November 06, 2008 Voice of America report by Peter Heinlein, Addis Ababa - Ethiopia Issues Terror Warning
The U.S. Embassy in Addis Ababa has issued a heightened security alert a day after Ethiopia's government warned of an imminent terrorist attack. VOA's Peter Heinlein in the Ethiopian capital reports the alert coincides with a government roundup of ethnic Oromos, including several prominent citizens, on suspicion of collaborating with terrorists.

An e-mail sent by the U.S. Embassy in Ethiopia advises Americans in the country to avoid public gatherings and public places. The message specifically mentions hotels as places to avoid.

The message was sent less than 24 hours after Ethiopia's Anti-Terrorism Task Force warned of an imminent terrorist attack and urged citizens to be vigilant.

Police recently rounded up about two dozen members of Ethiopia's largest ethnic community, the Oromos, and charged them with aiding terrorists. Among those arrested were the top managers of two of Addis Ababa's finest hotels, as well as the leader of one of the largest Oromo political parties.

Witnesses say those detained were told during a courtroom proceeding that they were suspected of collecting money and sending it to known members of the Oromo Liberation Front, an armed insurgent group.

Bereket Simon, senior adviser to Prime Minister Meles Zenawi was quoted earlier as saying the leader of the Oromo Federal Democratic Movement, Bakele Jirata, had been working 'hand in glove' with terrorists.

In an e-mail sent to VOA this week, the OLF said its fighters had killed 31 Ethiopian soldiers in a clash October 31 in eastern Oromia region.

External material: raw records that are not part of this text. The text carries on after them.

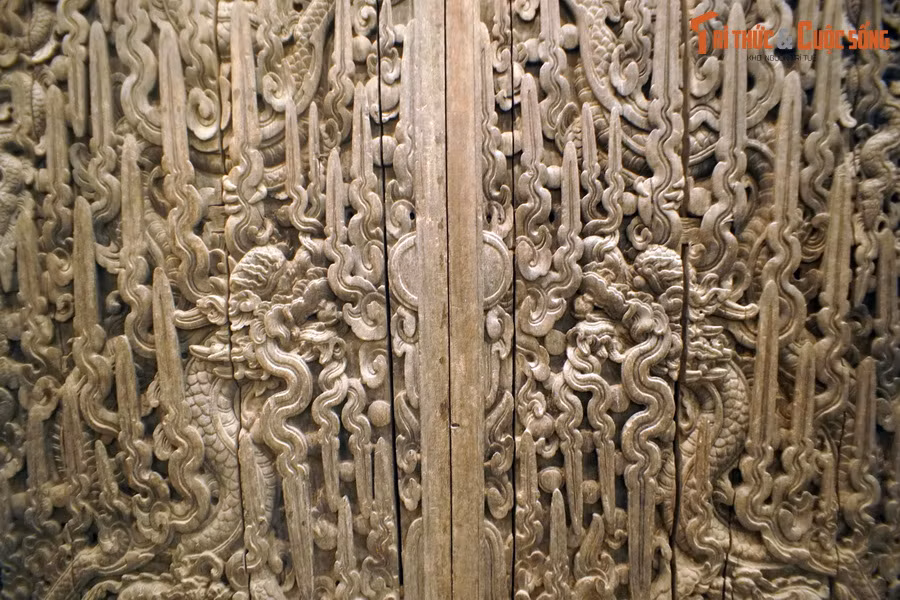 Khi khép lại, hai cánh cửa tạo thành một bức phù điêu hoàn chỉnh khắc họa đề tài “lưỡng long mẫu tử chầu nguyệt” rất sinh động. Mật độ trang trí dày đặc khiến mặt gỗ nhìn từ xa huyền ảo như gấm vóc.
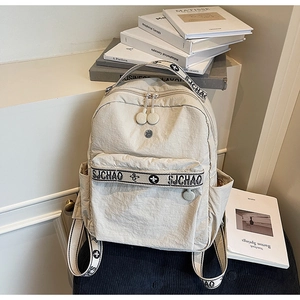 Detail of cream nylon backpack featuring pleated texture and front zipper pocket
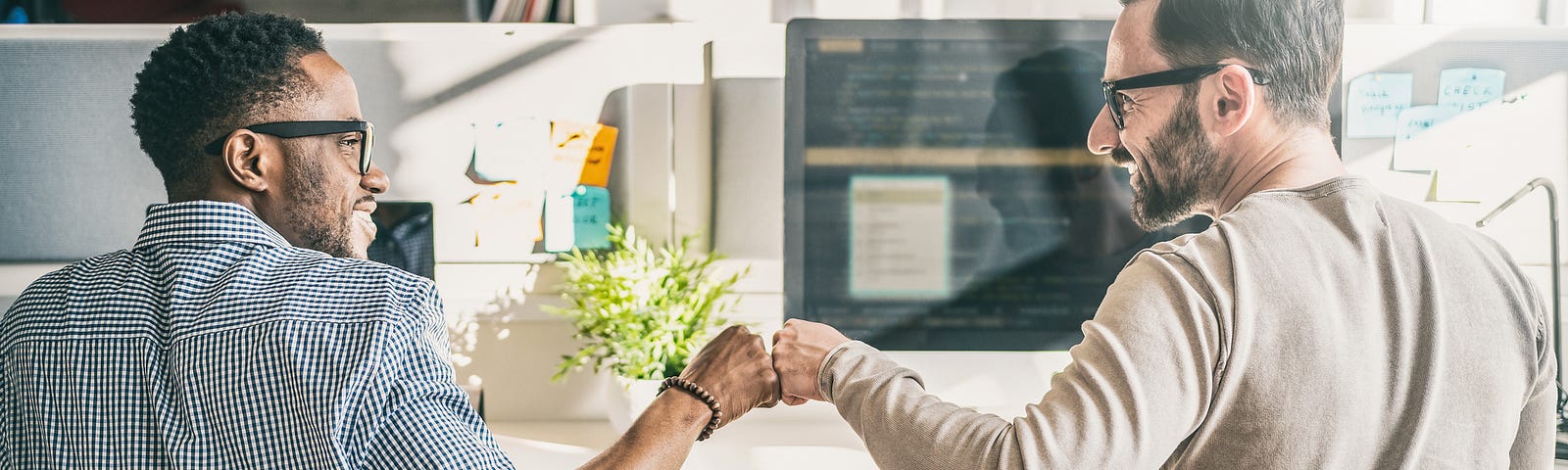 Two guys fist bumping in front of a table and computer screen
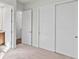 Bright bedroom with doors to the bathroom and hallway at 11323 Rivers Bluff Cir, Lakewood Ranch, FL 34202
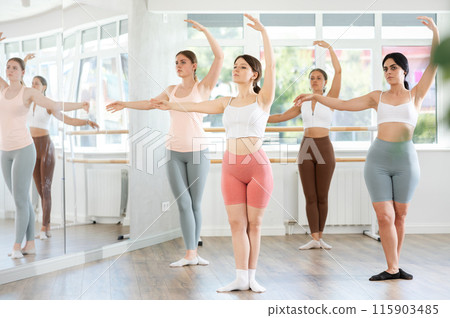 Sporty happy young girl demonstrating fourth ballet position with group of young girls in choreography studio Sporty happy young girl demonstrating fourth ballet position with group of young girls in choreography studio 115903485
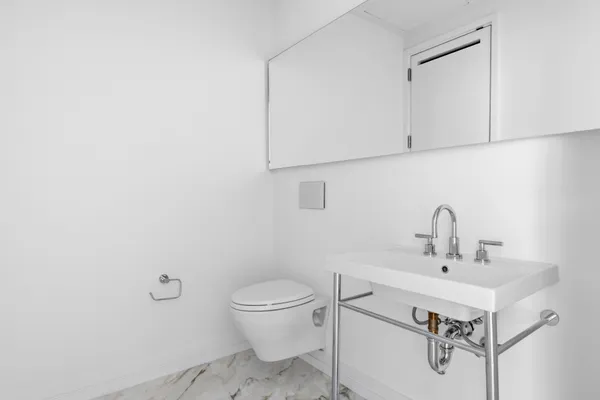 a bathroom with a toilet a sink and mirror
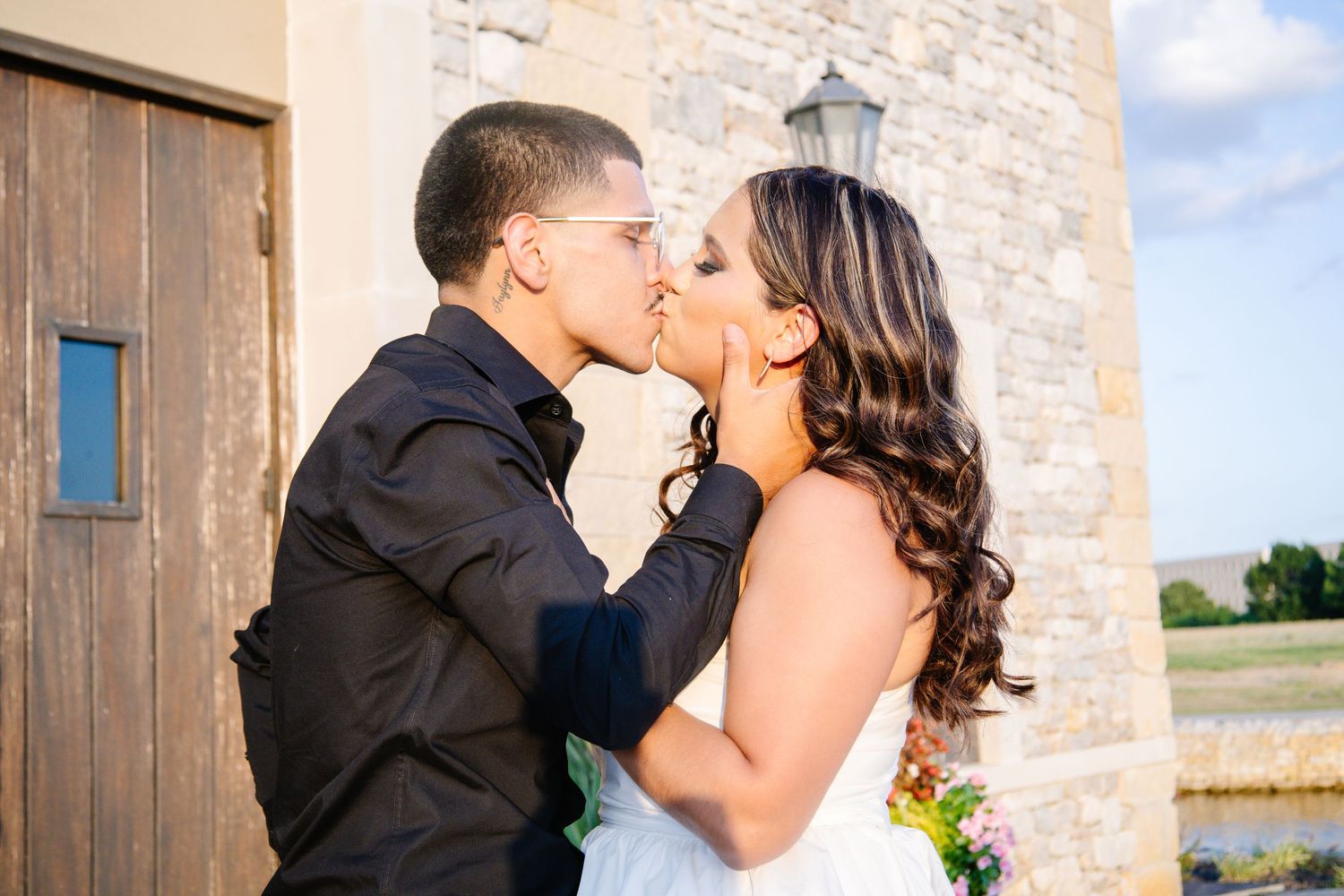 A bride and groom share a romantic kiss outdoors near a stone building on their wedding day.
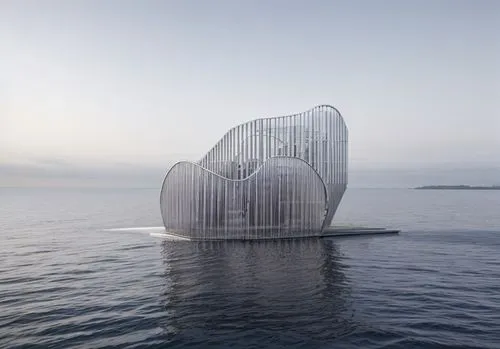 An aluminum pavilion surrounded with nature,floating huts,cube stilt houses,house of the sea,island suspended,aqua studio,floating stage,archidaily,water cube,artificial island,artificial islands,stil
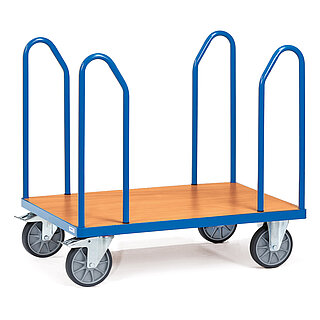 ein blauer FETRA® Plattformwagen aus Profilstahl mit vier an den Ecken eingesteckten Stahlrohrbügeln, hellem Holzeinlegeboden, zwei Bockrollen vorne und zwei feststellbaren Lenkrollen hinten, freigestellt auf weißem Hintergrund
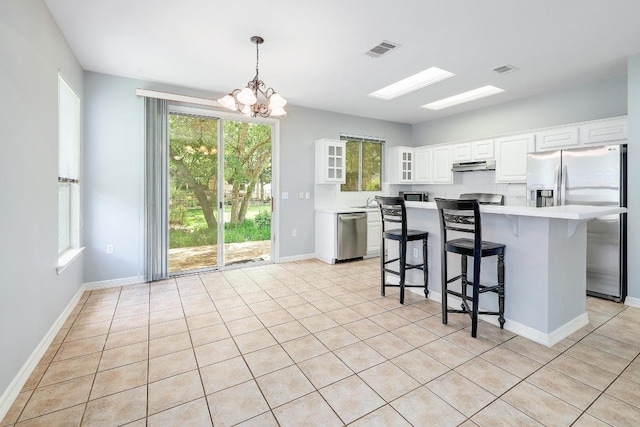 113 Stetson Trl, Georgetown, TX 78633 - kitchen with appliances with stainless steel finishes, under cabinet range hood, light countertops, a kitchen bar, and a chandelier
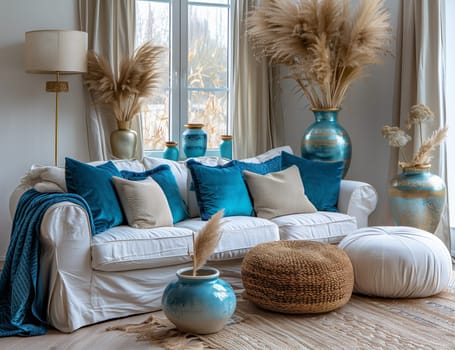 A living room with a white couch, azure pillows, vases, and ottomans. The interior design features wooden furniture and a white floor in a modern house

The message told of two other similar clashes earlier in the month. Government spokesman Zemedkun Tekle dismissed the OLF message, calling it fabricated, and an attempt by the rebels to get attention.

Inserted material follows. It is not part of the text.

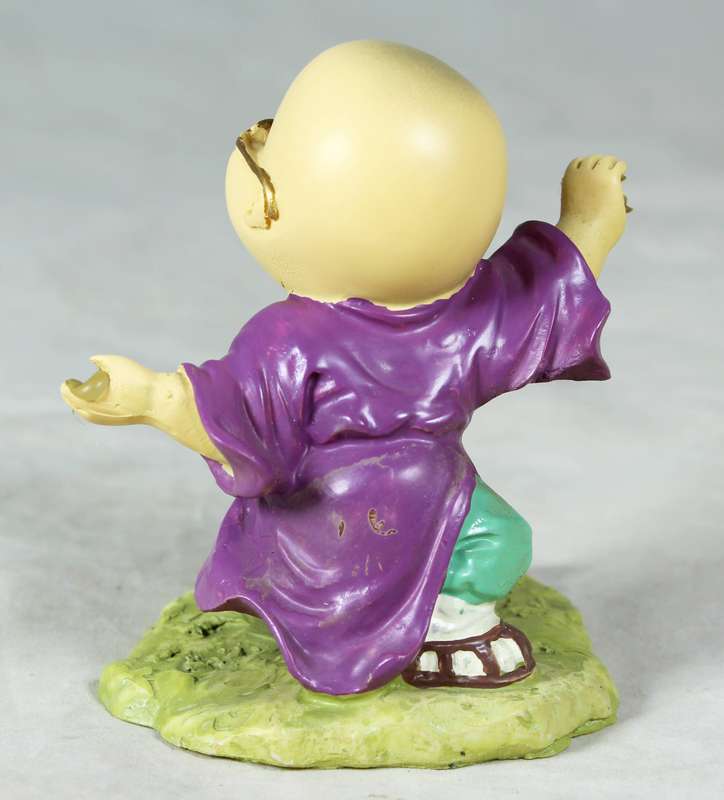 A baby Buddha - Monk laughing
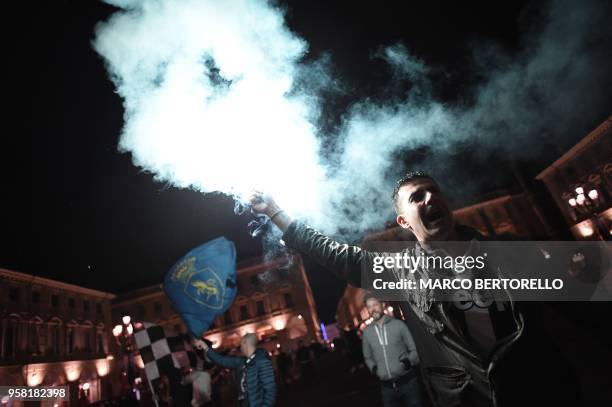 Juventus' supporters celebrate in central Turin after their team won a seventh straight Serie A title "scudetto" after a goalless draw against...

Police were out in force in Addis Ababa after the security alert.

Security was especially tight around the city's best hotels, but diplomats and political observers cautioned not to read too much into the timing of the terrorist warning and the arrest of prominent Oromos.

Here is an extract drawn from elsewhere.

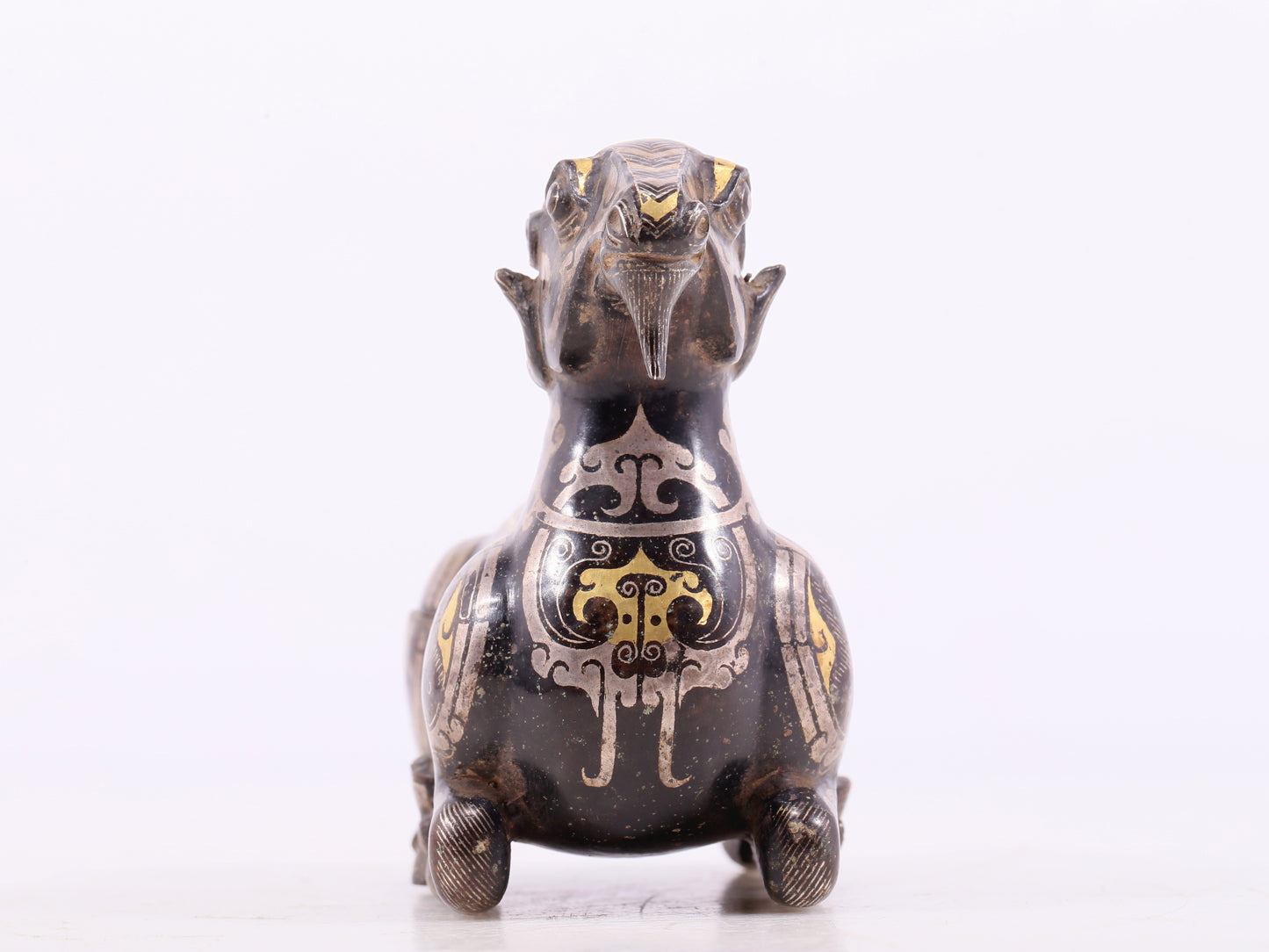 An Excellent Bronze Gold& Silver-Mounted Ram-Form Candlestick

They note other violent insurgent groups also operate in Ethiopia, including the Ogaden National Liberation Front, which is blamed for several suicide bombings last week in the Somaliland and Puntland regions of neighboring Somalia.

The ONLF is also blamed for a deadly attack on a Chinese-run oil exploration site in Ethiopia's Ogaden region last year.

The leader of Ethiopia's largest Oromo party, Merara Gudina, tells VOA he does not understand why the crackdown is occurring.

"Really I could not make heads nor tails of it except that the government is sometimes routinely harassing Oromos and political activists, [and] all of us on the legal platform especially during the elections. These things are routine," he said.

Merera, who heads the Oromo National Congress, and the leader of the Oromo Federal Democratic Movement parliamentary bloc both vehemently deny any involvement with the OLF insurgency.

Oromos are Ethiopia's largest ethnic community, making up as much as 35 to 40 percent of the country's estimated 80 million people

Ethiopia's capital has been the scene of several terrorist attacks this year. In May, a bomb blew up in a taxi van in front of the Hilton Hotel, killing six people, including a man with dual U.S. and Israeli citizenship. A coordinated series of gas station bombings killed three people in April, and a blast in a public hall last month killed four and injured more than 20 others.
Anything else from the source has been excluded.